====== Dataset extract ======

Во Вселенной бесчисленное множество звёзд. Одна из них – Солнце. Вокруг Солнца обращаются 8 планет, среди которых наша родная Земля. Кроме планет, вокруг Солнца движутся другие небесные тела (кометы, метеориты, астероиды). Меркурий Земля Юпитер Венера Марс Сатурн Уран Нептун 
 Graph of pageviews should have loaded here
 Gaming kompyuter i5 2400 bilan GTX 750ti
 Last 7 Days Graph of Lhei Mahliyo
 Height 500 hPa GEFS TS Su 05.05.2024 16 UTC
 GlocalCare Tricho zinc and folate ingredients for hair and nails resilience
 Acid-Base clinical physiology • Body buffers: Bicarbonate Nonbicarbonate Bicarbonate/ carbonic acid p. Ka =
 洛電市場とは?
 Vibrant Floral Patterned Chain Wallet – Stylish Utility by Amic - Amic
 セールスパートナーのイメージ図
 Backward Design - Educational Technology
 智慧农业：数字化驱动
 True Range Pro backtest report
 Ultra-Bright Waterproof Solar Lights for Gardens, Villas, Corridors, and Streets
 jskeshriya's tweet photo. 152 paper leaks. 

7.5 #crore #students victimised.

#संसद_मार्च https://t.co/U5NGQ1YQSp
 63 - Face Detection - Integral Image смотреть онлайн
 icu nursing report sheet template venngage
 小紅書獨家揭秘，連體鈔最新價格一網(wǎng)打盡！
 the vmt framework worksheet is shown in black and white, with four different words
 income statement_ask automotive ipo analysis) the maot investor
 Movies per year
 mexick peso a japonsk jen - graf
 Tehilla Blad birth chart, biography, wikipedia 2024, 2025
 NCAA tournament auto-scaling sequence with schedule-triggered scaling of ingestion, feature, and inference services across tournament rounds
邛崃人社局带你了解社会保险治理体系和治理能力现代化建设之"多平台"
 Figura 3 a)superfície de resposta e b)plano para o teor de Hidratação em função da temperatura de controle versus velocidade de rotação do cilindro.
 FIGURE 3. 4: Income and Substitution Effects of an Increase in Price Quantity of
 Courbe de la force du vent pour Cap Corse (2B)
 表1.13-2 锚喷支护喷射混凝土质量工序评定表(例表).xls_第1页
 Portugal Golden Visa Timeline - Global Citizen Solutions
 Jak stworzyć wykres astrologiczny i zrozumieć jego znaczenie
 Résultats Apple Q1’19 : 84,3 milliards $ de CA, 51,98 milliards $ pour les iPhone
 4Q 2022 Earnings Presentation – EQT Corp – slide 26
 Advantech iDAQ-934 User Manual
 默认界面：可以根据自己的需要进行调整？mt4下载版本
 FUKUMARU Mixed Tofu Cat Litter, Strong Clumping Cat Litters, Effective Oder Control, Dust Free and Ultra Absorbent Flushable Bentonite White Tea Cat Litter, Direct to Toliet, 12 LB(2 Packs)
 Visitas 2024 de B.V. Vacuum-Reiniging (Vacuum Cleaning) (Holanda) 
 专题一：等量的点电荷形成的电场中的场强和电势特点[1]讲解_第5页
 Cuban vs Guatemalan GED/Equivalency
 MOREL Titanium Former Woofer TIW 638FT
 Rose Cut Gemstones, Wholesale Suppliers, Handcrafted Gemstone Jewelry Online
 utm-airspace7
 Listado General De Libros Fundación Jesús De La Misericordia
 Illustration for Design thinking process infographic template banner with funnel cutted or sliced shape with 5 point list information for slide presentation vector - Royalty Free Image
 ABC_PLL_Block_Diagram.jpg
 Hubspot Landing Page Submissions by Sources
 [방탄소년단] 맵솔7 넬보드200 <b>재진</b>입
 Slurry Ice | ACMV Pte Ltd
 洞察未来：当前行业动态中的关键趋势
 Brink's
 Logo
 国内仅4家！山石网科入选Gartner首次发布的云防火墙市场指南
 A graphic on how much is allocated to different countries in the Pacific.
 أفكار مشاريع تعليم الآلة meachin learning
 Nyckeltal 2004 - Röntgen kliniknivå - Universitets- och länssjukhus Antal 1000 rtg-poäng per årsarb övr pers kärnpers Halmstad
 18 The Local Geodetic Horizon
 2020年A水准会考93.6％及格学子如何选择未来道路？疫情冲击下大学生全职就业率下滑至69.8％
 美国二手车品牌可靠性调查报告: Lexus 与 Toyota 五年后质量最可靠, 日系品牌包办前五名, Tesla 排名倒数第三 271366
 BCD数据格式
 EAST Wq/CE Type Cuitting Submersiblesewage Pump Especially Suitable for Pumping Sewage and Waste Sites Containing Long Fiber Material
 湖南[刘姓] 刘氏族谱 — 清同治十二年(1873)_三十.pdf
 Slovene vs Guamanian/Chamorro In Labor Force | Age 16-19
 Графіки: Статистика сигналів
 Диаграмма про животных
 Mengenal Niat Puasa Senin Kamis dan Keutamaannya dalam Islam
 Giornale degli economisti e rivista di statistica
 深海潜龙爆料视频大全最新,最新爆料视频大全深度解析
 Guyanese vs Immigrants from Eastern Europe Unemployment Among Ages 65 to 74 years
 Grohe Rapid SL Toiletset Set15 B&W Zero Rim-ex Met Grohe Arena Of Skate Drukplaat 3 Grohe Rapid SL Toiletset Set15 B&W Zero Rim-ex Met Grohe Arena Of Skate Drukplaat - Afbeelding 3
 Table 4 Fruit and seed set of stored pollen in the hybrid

======

Note down each line above where the word "Image" occurs.

■ **Exercise result**
 63 - Face Detection - Integral Image смотреть онлайн
 Illustration for Design thinking process infographic template banner with funnel cutted or sliced shape with 5 point list information for slide presentation vector - Royalty Free Image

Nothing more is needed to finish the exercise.